WHAT YOU NEED TO DO: Range to reproduce from the entries below: the line with "Vegan afternoon tea", the line with "Whaline 6Pcs Christmas", and every line in between. Give them exactly and give nothing else.

MATERIAL PROVIDED:
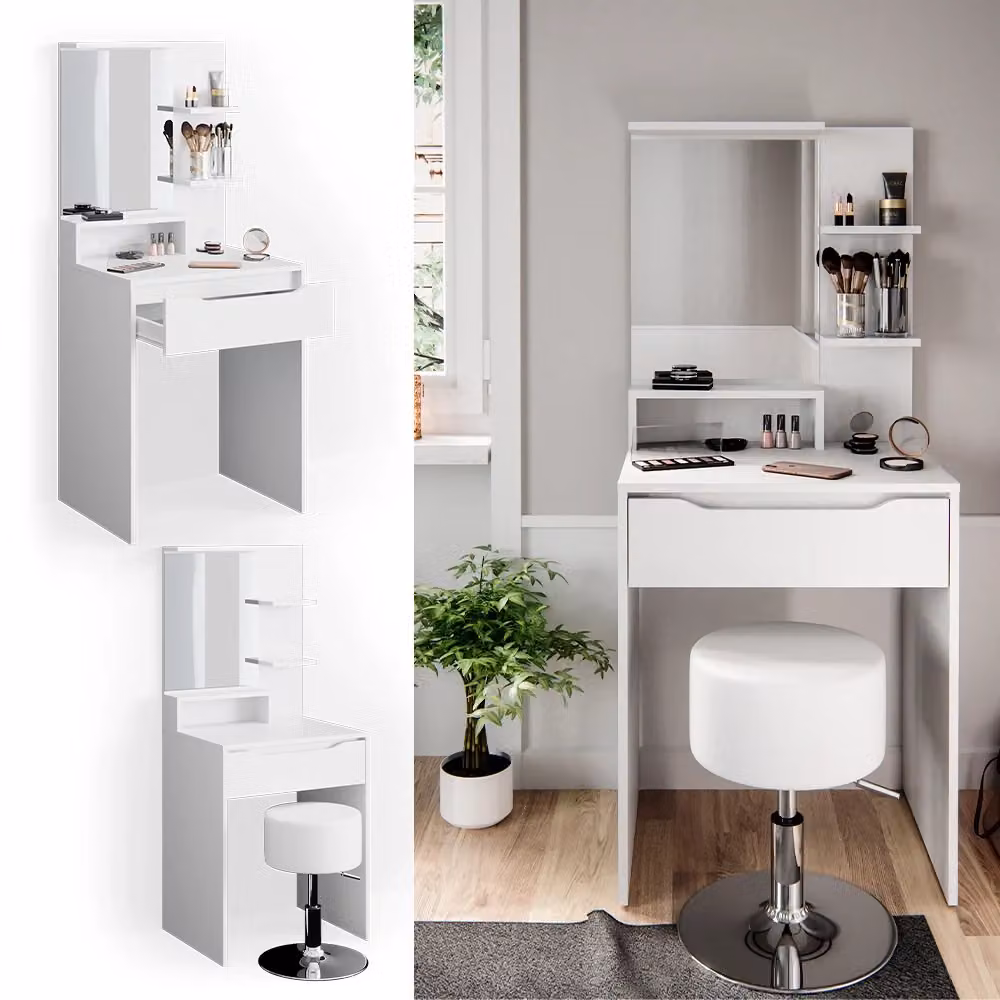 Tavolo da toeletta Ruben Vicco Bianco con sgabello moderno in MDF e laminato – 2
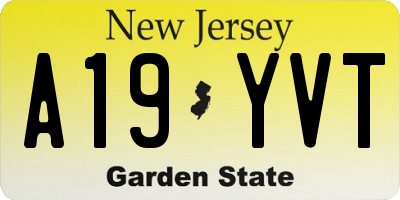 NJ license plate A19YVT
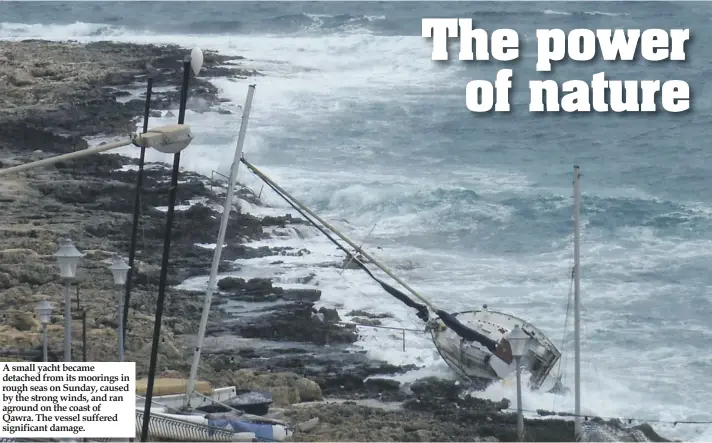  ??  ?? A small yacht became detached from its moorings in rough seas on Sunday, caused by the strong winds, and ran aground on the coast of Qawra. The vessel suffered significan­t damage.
* * *
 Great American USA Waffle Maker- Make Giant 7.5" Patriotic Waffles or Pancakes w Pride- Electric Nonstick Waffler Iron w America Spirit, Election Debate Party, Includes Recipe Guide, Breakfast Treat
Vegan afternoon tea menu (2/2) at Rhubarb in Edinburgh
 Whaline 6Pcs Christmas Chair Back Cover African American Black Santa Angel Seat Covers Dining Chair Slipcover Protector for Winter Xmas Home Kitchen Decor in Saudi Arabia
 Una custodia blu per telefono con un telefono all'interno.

RESULT OF THE TASK:
Vegan afternoon tea menu (2/2) at Rhubarb in Edinburgh
 Whaline 6Pcs Christmas Chair Back Cover African American Black Santa Angel Seat Covers Dining Chair Slipcover Protector for Winter Xmas Home Kitchen Decor in Saudi Arabia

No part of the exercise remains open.